Après des mois de suspense, c’est maintenant officiel : le groupe allemand Danzer vend sa filiale Siforco.
La Siforco gère plus de 2 millions d’hectares de concession forestière en République Démocratique du Congo. Toutes ses opérations sont vendues au groupe américain Blattner Elwyn (GBE) depuis le 23 février. Cette vente signe la fin de 40 ans de présence de Danzer en RDC, 40 années marquées par de nombreux conflits sociaux et une dégradation continue des forêts naturelles.

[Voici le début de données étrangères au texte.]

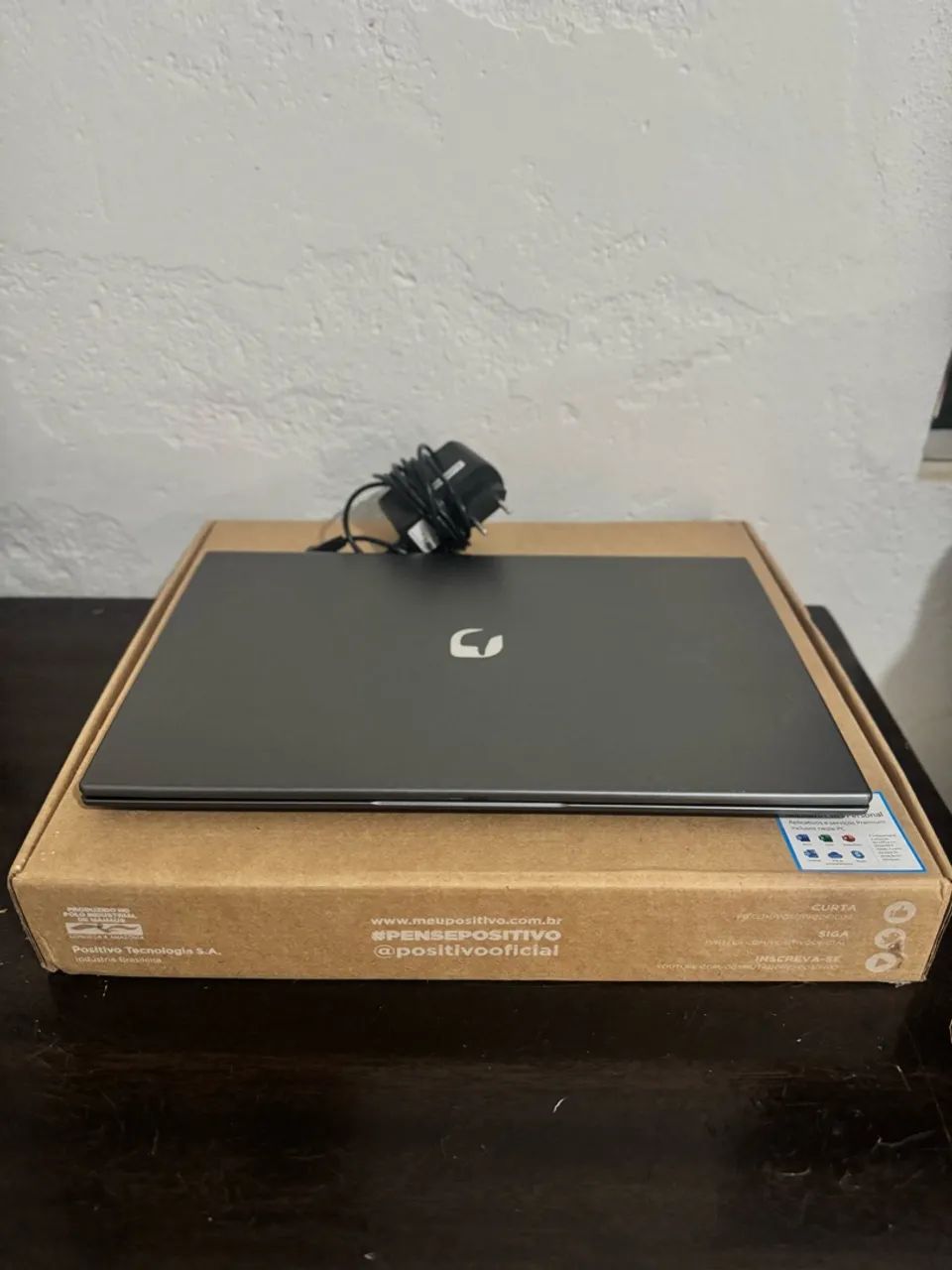 Notebook Motion Gray  - Foto 4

Le groupe Danzer pourrait échapper à la justice
Nous révélions le rôle de Danzer dans les violences subies par la communauté de Yalisika : un villageois – Frédéric Moloma Tuka – est mort, et plusieurs femmes ont été violées, y compris des mineures. D’autres personnes ont été battues, tandis que 16 personnes ont été arrêtées et emmenées.
Un plainte au civil a été déposée par la communauté villageoise contre la Siforco et son chef de chantier. A peine la déclaration de vente signée, ce même chef de chantier, que plusieurs témoins ont vu payer les militaires le soir des évènements, s’envolait pour l’Europe. Par souci de justice pour les populations de Yalisika, le groupe Danzer doit répondre des actes de ses employés et de sa filiale Siforco devant la justice congolaise.

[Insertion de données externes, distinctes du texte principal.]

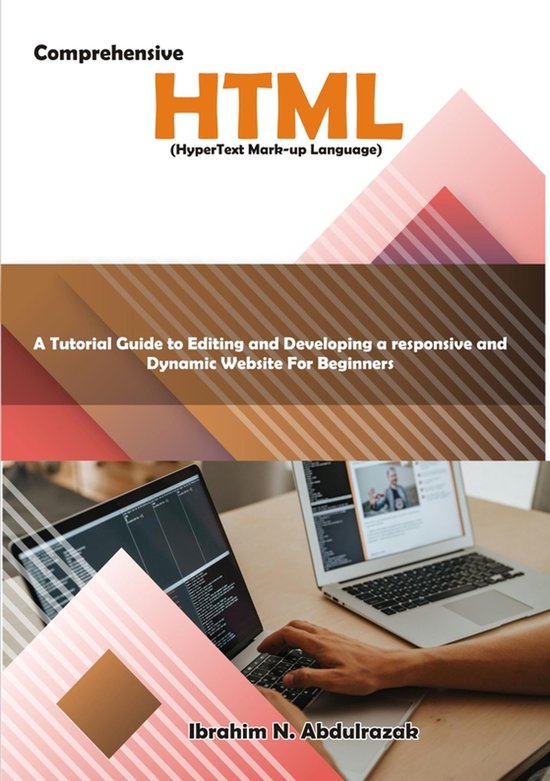 Comprehensive Hypertext Markup Language (HTML). - cover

Quelle leçon pour les forêts du Congo ?
Dans son communiqué annonçant la vente, Danzer affirme que le repreneur poursuivra les efforts engagés pour la protection des forêts.
Pourtant, quelques jours plus tard, le Groupe Blattner Elwyn annonçait clairement son intention de ne pas poursuivre dans la voie de la certification FSC (Forest Stewardship Council, mécanisme garantissant une gestion durable au point de vue environnementale et sociale des forêts).

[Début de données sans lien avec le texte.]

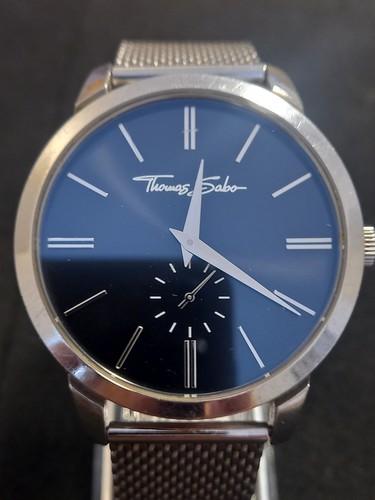 Thomas sabo men - sabo, quartz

C’est le mythe de la « gestion durable des forêts » qui s’effondre : encouragée à grand renfort de subventions et de prêts bonifiés par les bailleurs internationaux, dont l’Agence française de développement (AFD), cette pseudo « gestion durable » montre une fois de plus ses limites. Les compagnies pillent les forêts, exploitent les populations, empochent les bénéfices et tirent leur révérence .
Et demain ?
Le nouveau propriétaire de la Siforco n’est pas inconnu de Greenpeace puisque nous dénoncions en 2008 des activités de vente de bois illégale par une autre filière du groupe en RDC.
Greenpeace attend aujourd’hui du Groupe Blattner Elwyn qu’il s’engage sur les points suivants :
Rendre les concessions de la Siforco situés dans des aires protégées pour que puissent s’y développer des projets de conservation et de gestion communautaire
Mettre en place des projets crédibles d’aménagement et de gestion concertés avec les communautés locales
S’engager à ne pas exploités les paysages de forêt intacte et les forêts à haute valeur de conservation dans ses concessions
Mais le meilleur moyen de préserver les forêts naturelles du bassin du Congo, c’est encore de renforcer les outils de contrôle, et de soutenir les initiatives de conservation locales. Il est temps que l’AFD et les bailleurs internationaux remettent sérieusement en cause leur politique de soutien à l’industrie du bois tropical.